***** Raw data *****

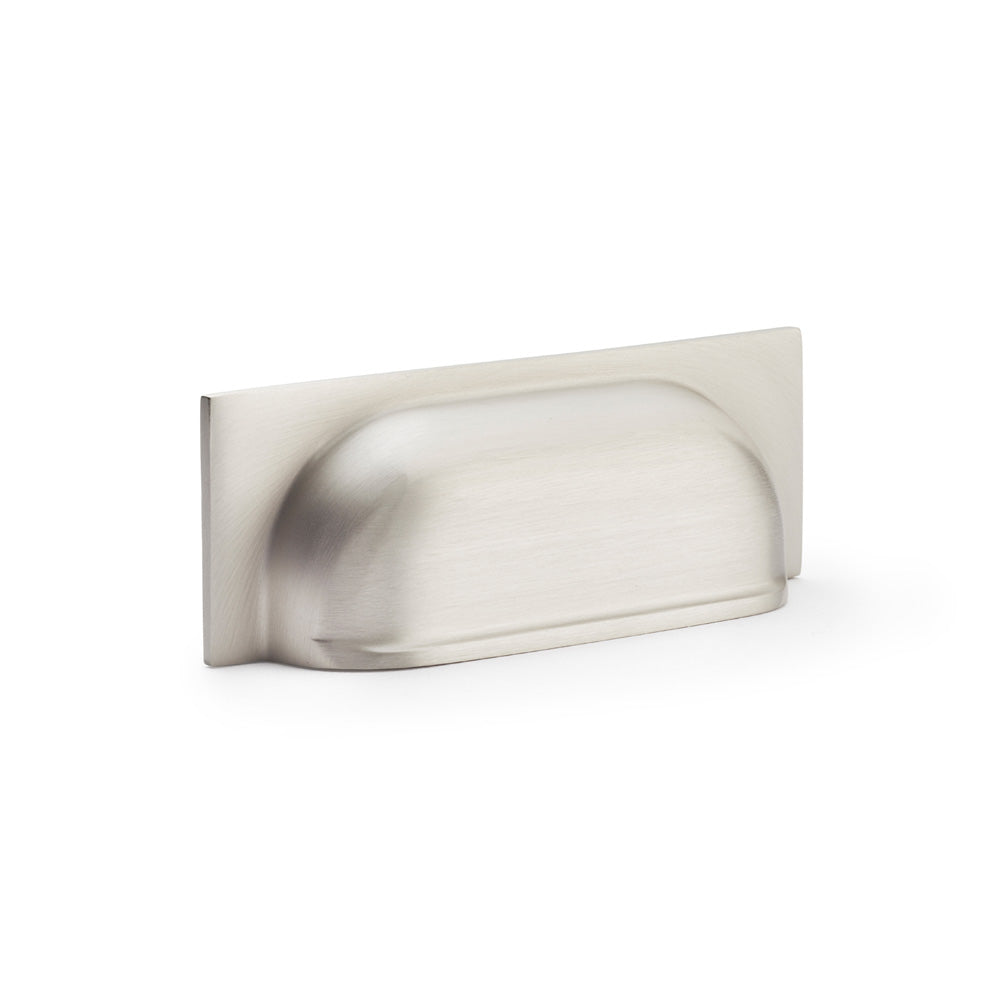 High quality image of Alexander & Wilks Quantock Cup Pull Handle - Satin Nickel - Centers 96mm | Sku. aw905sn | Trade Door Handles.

*****
***** Raw data *****

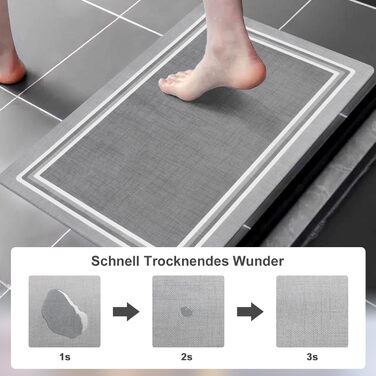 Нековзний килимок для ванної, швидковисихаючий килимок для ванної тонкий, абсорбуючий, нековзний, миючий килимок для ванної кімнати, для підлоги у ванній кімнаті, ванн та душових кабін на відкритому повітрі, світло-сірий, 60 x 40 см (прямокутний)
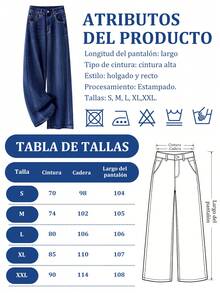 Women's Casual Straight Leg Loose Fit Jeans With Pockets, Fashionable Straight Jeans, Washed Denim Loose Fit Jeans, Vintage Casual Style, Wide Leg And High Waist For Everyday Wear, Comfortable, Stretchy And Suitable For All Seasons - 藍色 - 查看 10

*****
***** Raw data *****

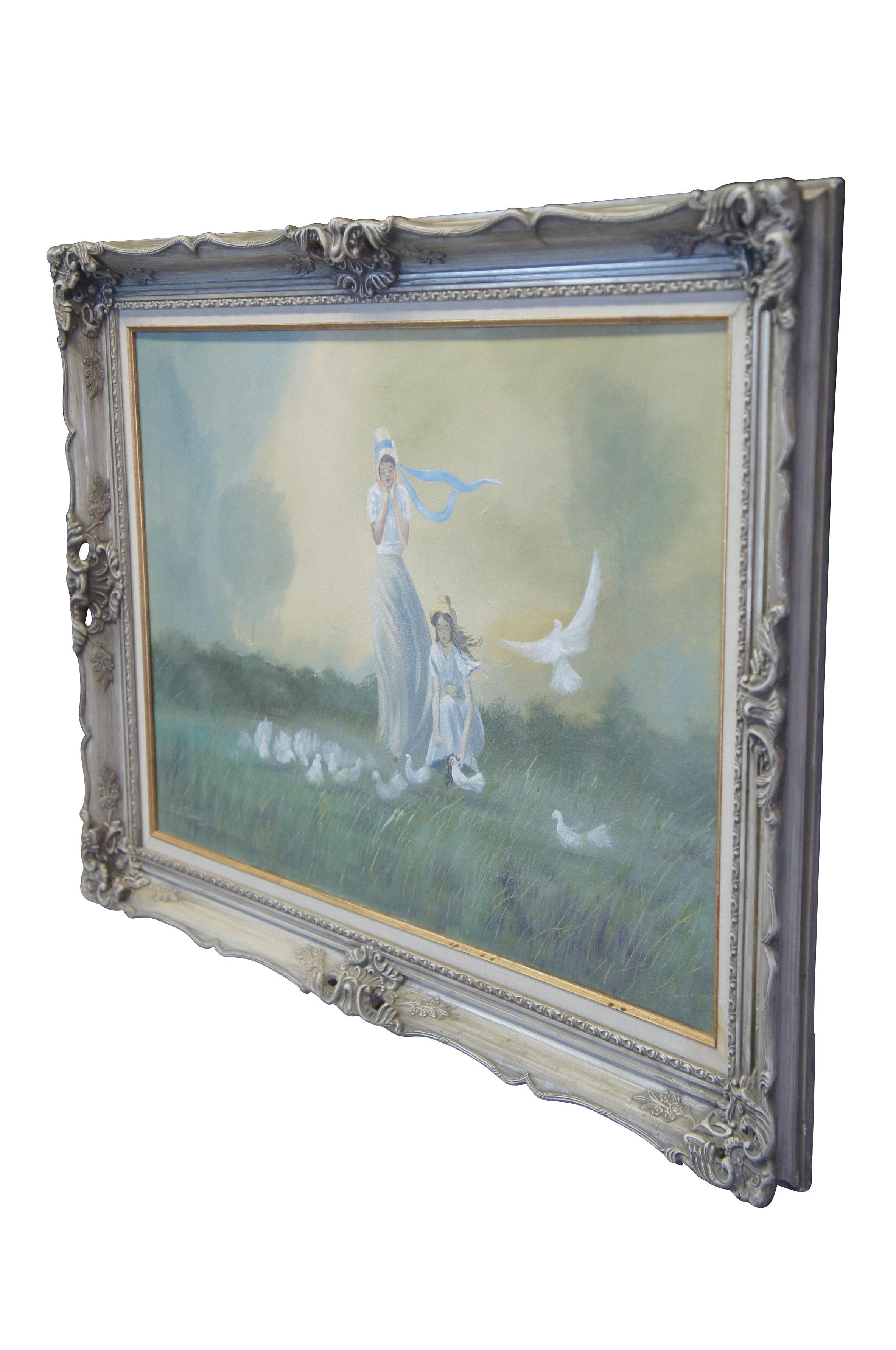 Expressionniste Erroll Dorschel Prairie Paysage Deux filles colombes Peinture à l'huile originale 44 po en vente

*****

> Activity: Could you output exactly the lines above, from the line with "Нековзний килимок для" up to and including the line with "Women's Casual Straight", and nothing else, skipping the pictures?

> The answer:
 Нековзний килимок для ванної, швидковисихаючий килимок для ванної тонкий, абсорбуючий, нековзний, миючий килимок для ванної кімнати, для підлоги у ванній кімнаті, ванн та душових кабін на відкритому повітрі, світло-сірий, 60 x 40 см (прямокутний)
 Women's Casual Straight Leg Loose Fit Jeans With Pockets, Fashionable Straight Jeans, Washed Denim Loose Fit Jeans, Vintage Casual Style, Wide Leg And High Waist For Everyday Wear, Comfortable, Stretchy And Suitable For All Seasons - 藍色 - 查看 10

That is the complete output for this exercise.